编纂者除了在针对某一国家的文学史叙述时体现出了联系的观点,在各个国家文学的相互关系中,也体现出了这一特点,具体即表现为采用比较的方法,发展的眼光。关于比较文学与世界文学的关系问题,邹建军在《以世界文学为基本对象的比较文学研究》中已有详尽的论述:“从某种意义上来看,世界文学也就是比较文学。世界文学的批评方法是为比较文学研究而运用的,并且已经成为比较文学研究方法的重要内容。比较文学作为一种新的文学批评方法,是伴随着世界文学观念形成与世界文学对象的产生而产生的,因此可以说没有世界文学就没有比较文学。”他还提出比较文学研究可以改变限于某一国家与群族之内的狭小格局,从而开拓出文学研究的新天地的观点。可见,比较文学研究与世界文学研究关系十分紧密,在世界文学史的编纂中注入联系的眼光,比较文学的研究方法是非常必要且有意义的。以该册书的第九编东亚、东南亚与中央亚细亚文学为例,这一编主要介绍了中国文学、朝鲜文学、日本文学、越南文学、藏族文学及蒙古族文学。在具体介绍这一时期的朝鲜文学、日本文学、越南文学时,书中明确提出了汉语文学、文化对其文学、文化、思想的影响,并对相关重点作品或文学特点进行了具体论述;而在论及藏族文学与蒙古族文学时,考虑到其与佛教的密切关系,重点介绍了古印度文学对之产生的深刻影响。通过国与国、民族与民族之间文化交流、影响的介绍以及具体文学史实的比较分析,使得各文化圈、各国家、各民族之间的文学史密切关联起来,整个世界的文学史都更加贯通连融,形成了有机联系的整体,在更加宏观的角度打开了研究世界文学史的新思路。
(三)图文并茂,叙论结合
在我国以往的世界文学史著作中,出了作家影像、重要著作的封皮图片,较少出现相关外文文献的图像资料,即使有些著作带有相关插图,在数量上也十分稀少。

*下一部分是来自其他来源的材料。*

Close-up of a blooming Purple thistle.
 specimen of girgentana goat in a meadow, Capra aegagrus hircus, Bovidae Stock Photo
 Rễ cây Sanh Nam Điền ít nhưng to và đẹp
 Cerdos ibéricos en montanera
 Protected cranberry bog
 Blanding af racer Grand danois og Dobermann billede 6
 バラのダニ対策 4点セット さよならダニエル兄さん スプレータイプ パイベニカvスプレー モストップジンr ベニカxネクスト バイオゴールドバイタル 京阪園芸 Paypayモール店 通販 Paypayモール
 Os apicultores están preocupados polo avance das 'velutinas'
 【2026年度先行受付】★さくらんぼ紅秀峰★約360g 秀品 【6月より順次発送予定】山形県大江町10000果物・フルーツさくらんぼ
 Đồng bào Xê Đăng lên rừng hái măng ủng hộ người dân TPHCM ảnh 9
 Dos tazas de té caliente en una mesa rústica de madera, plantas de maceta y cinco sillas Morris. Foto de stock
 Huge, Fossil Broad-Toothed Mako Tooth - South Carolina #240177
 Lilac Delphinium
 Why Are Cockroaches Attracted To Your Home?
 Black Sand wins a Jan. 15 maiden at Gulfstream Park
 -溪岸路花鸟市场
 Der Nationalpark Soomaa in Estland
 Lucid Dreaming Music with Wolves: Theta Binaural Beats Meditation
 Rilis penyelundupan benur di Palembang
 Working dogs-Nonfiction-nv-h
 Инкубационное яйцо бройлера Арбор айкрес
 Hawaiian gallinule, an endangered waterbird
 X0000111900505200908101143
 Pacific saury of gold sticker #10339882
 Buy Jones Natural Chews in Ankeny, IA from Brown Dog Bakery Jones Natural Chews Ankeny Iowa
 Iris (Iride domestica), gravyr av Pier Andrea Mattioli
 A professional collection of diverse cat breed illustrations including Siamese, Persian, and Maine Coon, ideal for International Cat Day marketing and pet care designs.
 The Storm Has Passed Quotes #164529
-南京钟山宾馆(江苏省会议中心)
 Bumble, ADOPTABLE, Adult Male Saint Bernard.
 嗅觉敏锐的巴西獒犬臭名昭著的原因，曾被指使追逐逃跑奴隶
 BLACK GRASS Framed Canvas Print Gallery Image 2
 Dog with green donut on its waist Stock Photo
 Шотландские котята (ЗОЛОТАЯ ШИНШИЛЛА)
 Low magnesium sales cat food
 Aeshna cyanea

而这套《世界文学史》则在论述的过程中对相关的图片资料进行了大量的补充与展示,使我们能够更加直观地了解相应的文学史知识。《世界文学史》第四编下册所载相关资料图片就有三十余张。具有代表性的包括:俄罗斯文学中大司祭阿瓦库姆的手迹(取自阿瓦库姆《行传》)、爱沙尼亚文学中的里加版画、僧伽罗文学中的常古·纳拉扬神庙、爪哇传统哇扬戏、五世达赖喇嘛的藏文作品《王族家谱》、蒙古木版佛教文献《伟大的拯救者》等。其中,人物肖像(如胡安娜·伊内斯·德·拉·克鲁斯的肖像、大司祭阿瓦库姆的肖像等)可以让我们直观地了解当时当地重要的文学者的形象,从感性层面增添对其的了解;景物、节礼等场景图片(如宗教辩论会微型画、印度排灯节微型画、僧伽罗文学中的常古·纳拉扬神庙、爪哇传统哇扬戏、中国《警世通言》中的插图等)则可以使我们对书中所介绍的活动场景形成更明晰的画面感,有助于我们更加准确地理解相应的文字表述;而其中的外文作品文本截图(如俄罗斯文学中大司祭阿瓦库姆的手迹、五世达赖喇嘛的藏文作品《王族家谱》、蒙古木版佛教文献《伟大的拯救者》等),我们虽然由于语言障碍,大多数读者都不能识读,但图片性的展示仍然可以帮助我们对该文本形成一种感官上的印象,从其行文布局特点中直接感受其民族文学、文化的特点。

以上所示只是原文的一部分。